- Measures aimed at four Chinese nationals and one entity
- Beijing denies that any personal freedoms have been restricted
The European Union signed off on a slate of punitive measures over human rights abuses including sanctions aimed at China.
“The violations targeted today include the large-scale arbitrary detentions of, in particular, Uyghurs in Xinjiang in China,” according to an EU statement on Monday. “The sanctions signal the EU’s strong determination to stand up for human rights and to take tangible action against those responsible for violations and abuses.”
The EU move to sanction the officials is likely to be mostly symbolic. While the U.S. has imposed sanctions on a number of Communist Party officials -- including two Politburo members -- the measures haven’t impacted China’s economy or changed its behavior.

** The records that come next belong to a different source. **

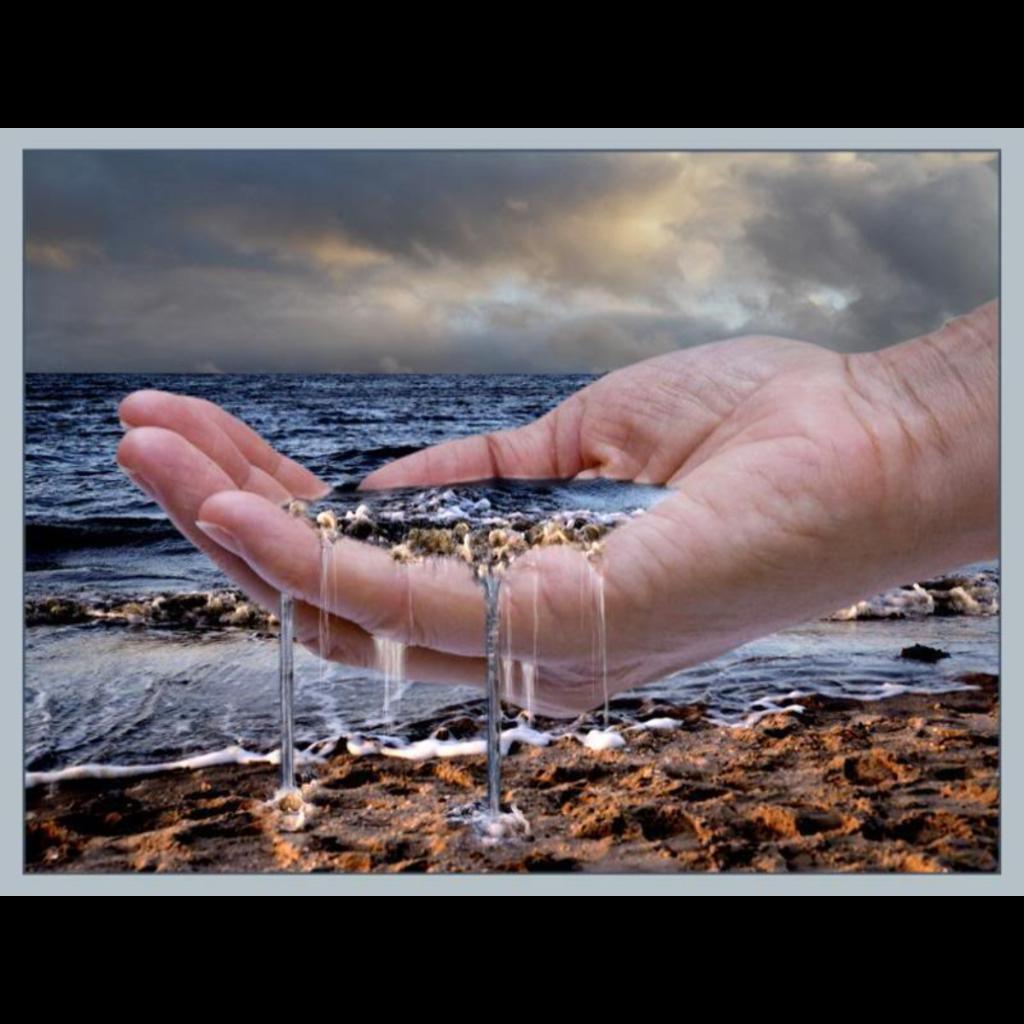 Сквозь воду времен. Вода утекает сквозь пальцы. Жизнь утекает сквозь пальцы. Река жизни. Жизнь течет.
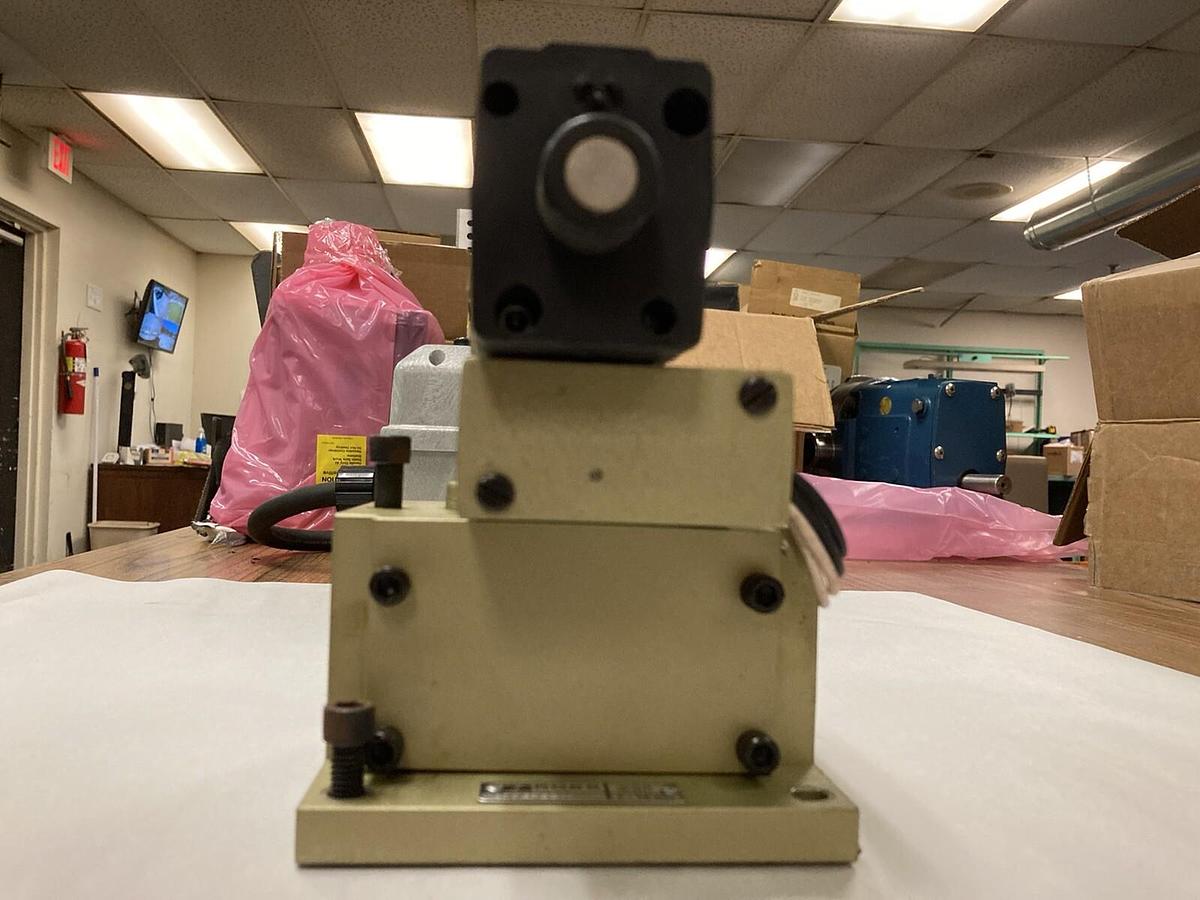 Ross,1775F5311,2-10BAR Solenoid Valve W/ 400C79 2-10BAR Pilot Valve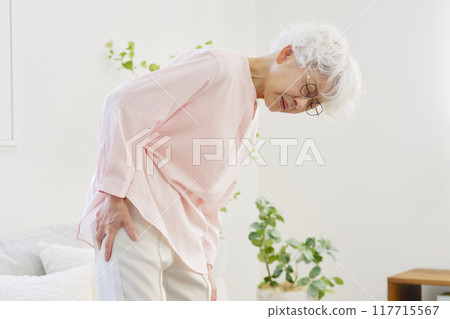 有坐骨神經痛客廳的高級婦女 117715567
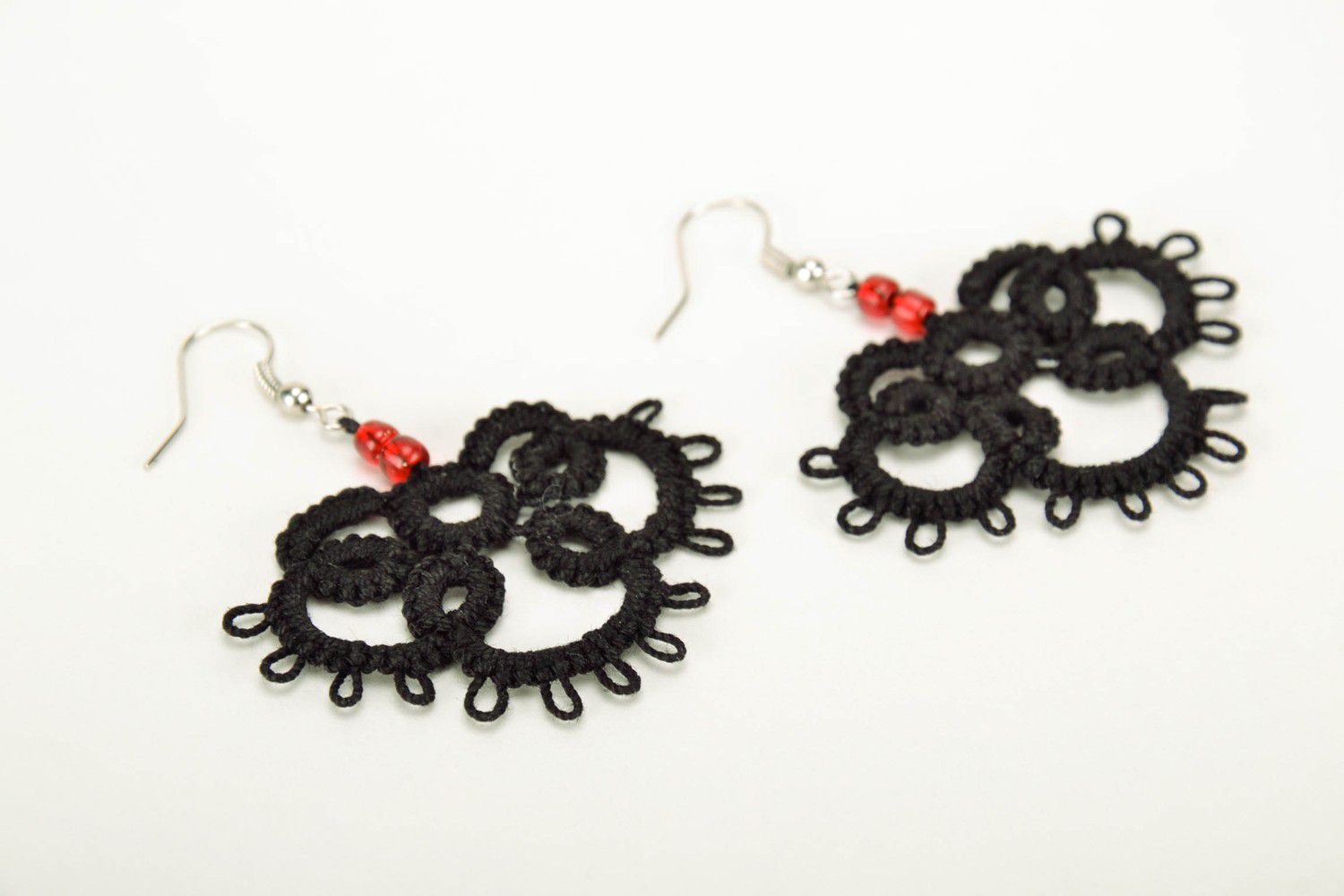 Earrings made from woven lace Black Clover photo 2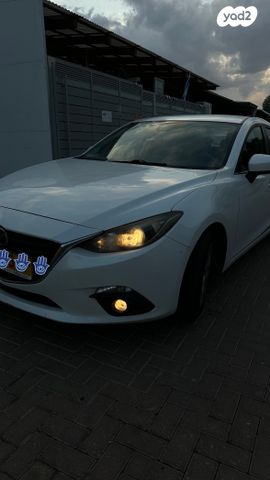 מודעת רכב מאזדה 3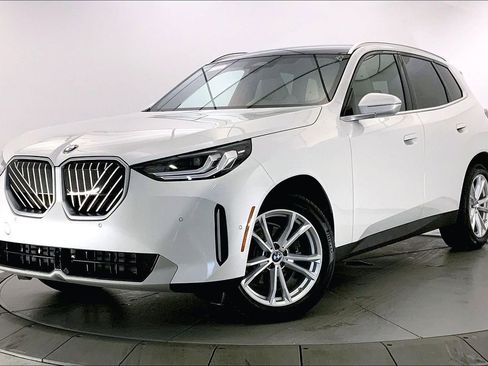 Certified 2025 BMW X3 xDrive30i w/ Convenience Package image 11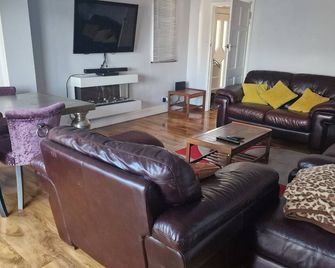 Family Home Three bed House Near the Beach - Herne Bay - Wohnzimmer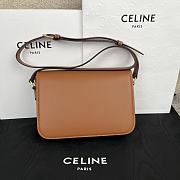 	 Bagsaaa Celine Classique Triomphe In shiny Calfskin Leather Brown - 22.5 X 16.5 X 7.5 cm - 5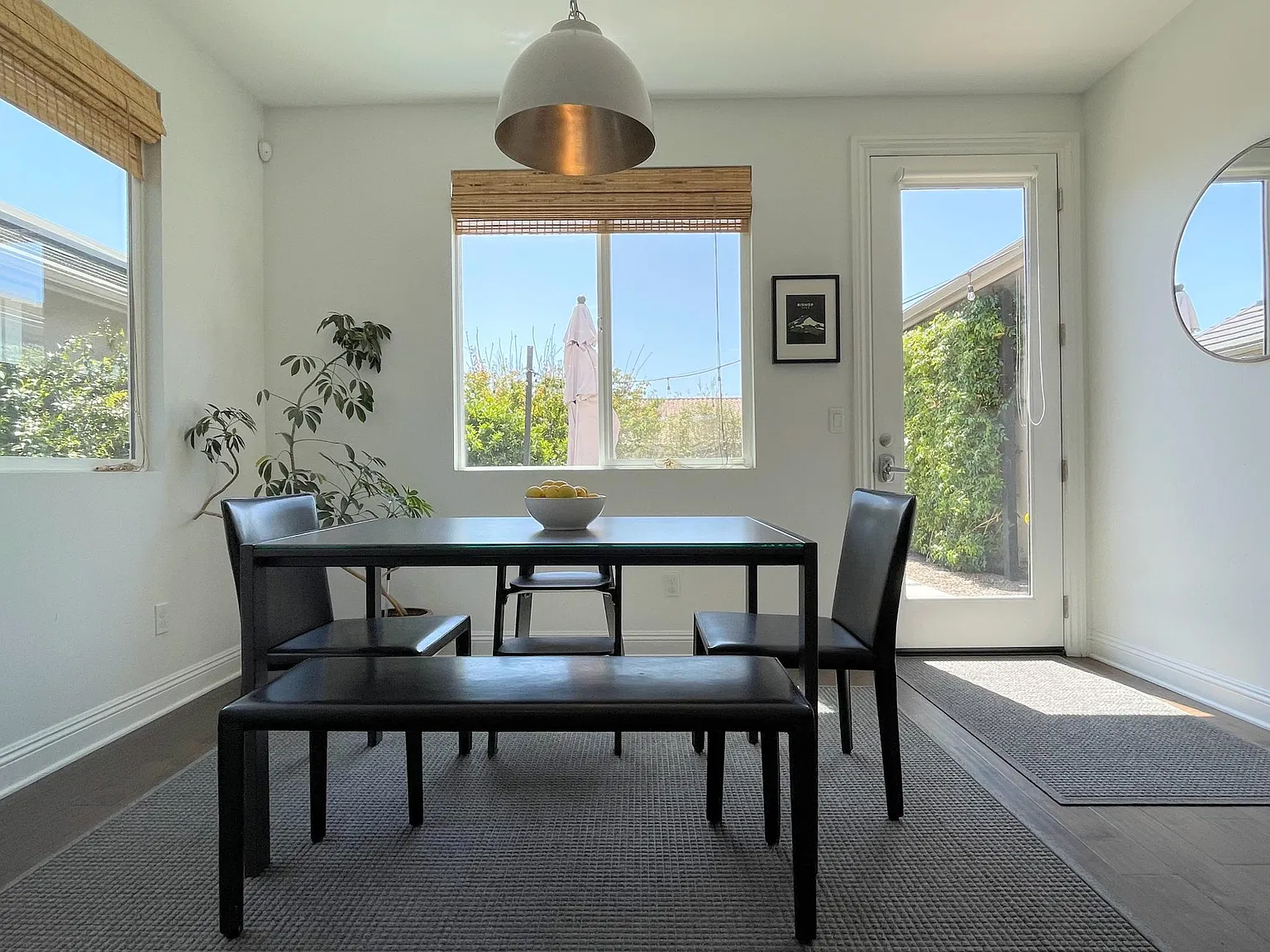 3 bed, 1639 sqft, $4,400 — Photo 2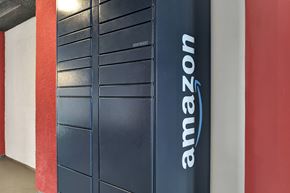 Los Angeles apartment for rent - Amazon Locker at City Park View, Los Angeles, 90057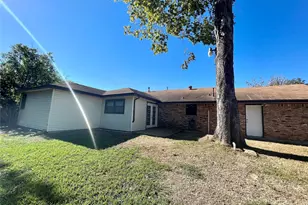 101 Pin Oak Dr, Baytown, TX 77520 - Photo 8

The measures are aimed at four Chinese nationals and one entity, according to the regulations posted in the EU’s official journal. The broader sanctions would also target violations in Libya, Russia and Eritrea.
The EU action is part of a new human rights violation regime targeting abuses in different countries and regions. The new sanctions will affect 11 individuals and four entities. The bloc first used this approach against Russia earlier this year over the jailing of opposition leader Alexey Navalny.
Last week, China’s ambassador to the EU warned the bloc not to interfere in its national security affairs, saying sanctions could fuel a confrontation. Beijing has denied that any personal freedoms have been restricted and has touted the benefits to people living in the region.